Advantages: The shaded pole motor is simple in design and construction, making it readily adaptable to high-volume, low-cost production. Because there are no internal switches, brushes or special parts, motor of this type can be extremely dependable. Depending upon construction, shaded pole motors are relatively quiet and free from vibration. Shaded pole designs are normally available in sized from subfractional to approximately 1/4 hp (186 W).

The shaded pole motor is classified as a relatively constant speed machine, and running efficiency will increase with load. Variation in applied load will not significantly affect motor speed, providing that the motor is not overloaded. See Fig. 2-19.

Normal shaded pole designs also offer the "fail-safe" feature of staring in only one direction. With split-phase and capacitor start motors, there is always the remote possibility that they may start in reverse in some failure modes (cutout switch doesn't operate, open winding, etc.).

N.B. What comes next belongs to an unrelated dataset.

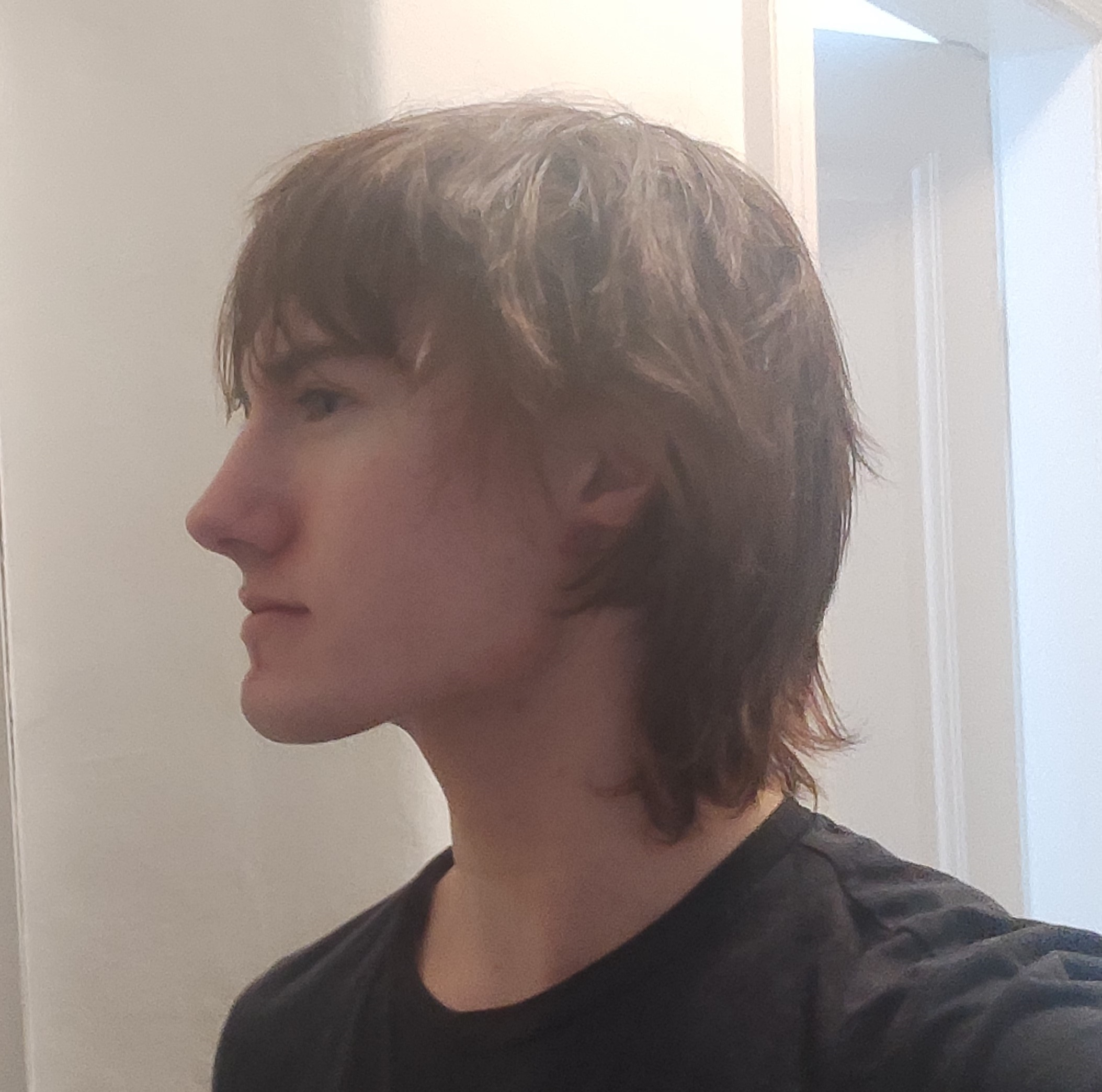 Side.png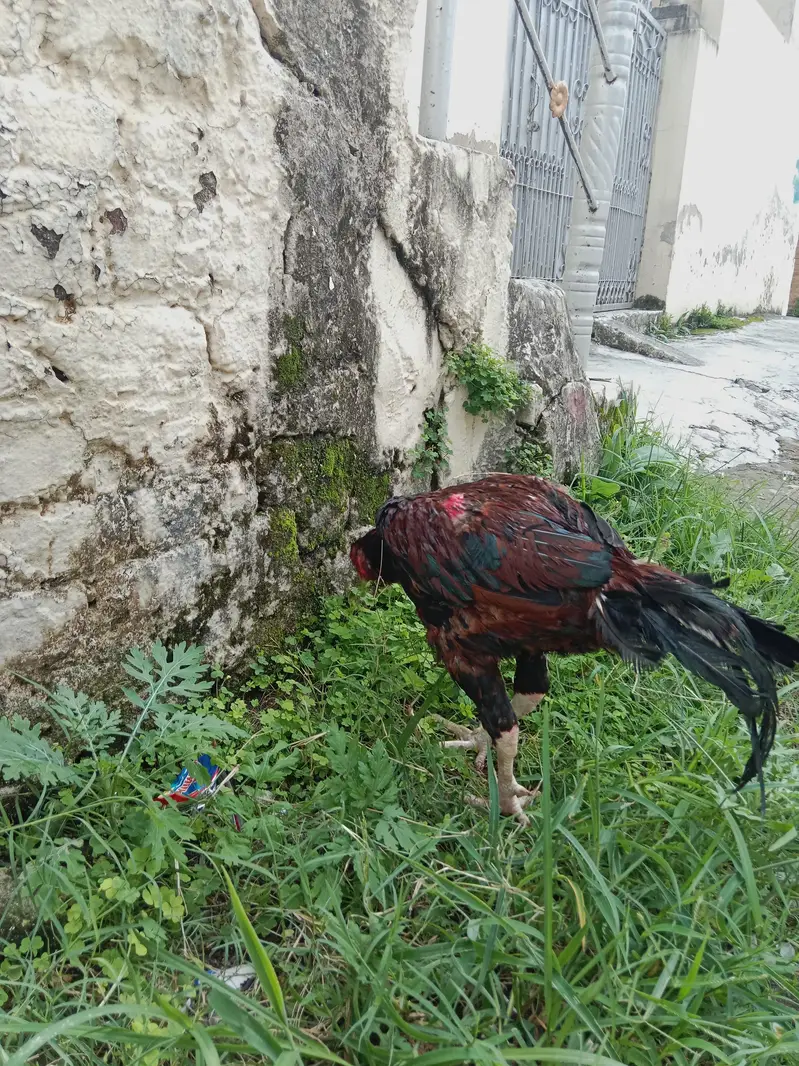 Aseel lakha mianwali — photo 8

Fig. 2-19: Typical characteristics curve for a 1/150 hp (5 watt) shaded pole motor.

Disadvantages: Although a shaded pole motor is rugged and inexpensive. It typically has a low starting torque and running torque. Efficiency is also low, making shaded pole motors impractical beyond fractional horsepower sizes. Shaded pole motors are generally used on light-load applications where heat can be tolerated or supplemental cooling is available. While efficiency is relatively low, for applications requiring minimal power output, this limitation is compensated for by its lower initial cost. However, with today's increased emphasis on energy savings, shaded pole operating costs cover the life of the application should be examined.

Synchronous Motors (Polyphase and Single-Phase)

The "difference" between the speed of the rotating magnetic field of an induction motor (which is always synchronous) and the speed of the rotor is known as "slip". When the rotor design enables it to "lock into step" with the field, the slip is reduced to zero and the motor is said to run at synchronous speed. Upon reaching the rated speed, fixed speed synchronous motors operate at a constant speed - the speed being dependent on the frequency of the power supply. This constant speed feature makes synchronous motors a natural drive for timing and other applications requiring a constant and predictable speed output.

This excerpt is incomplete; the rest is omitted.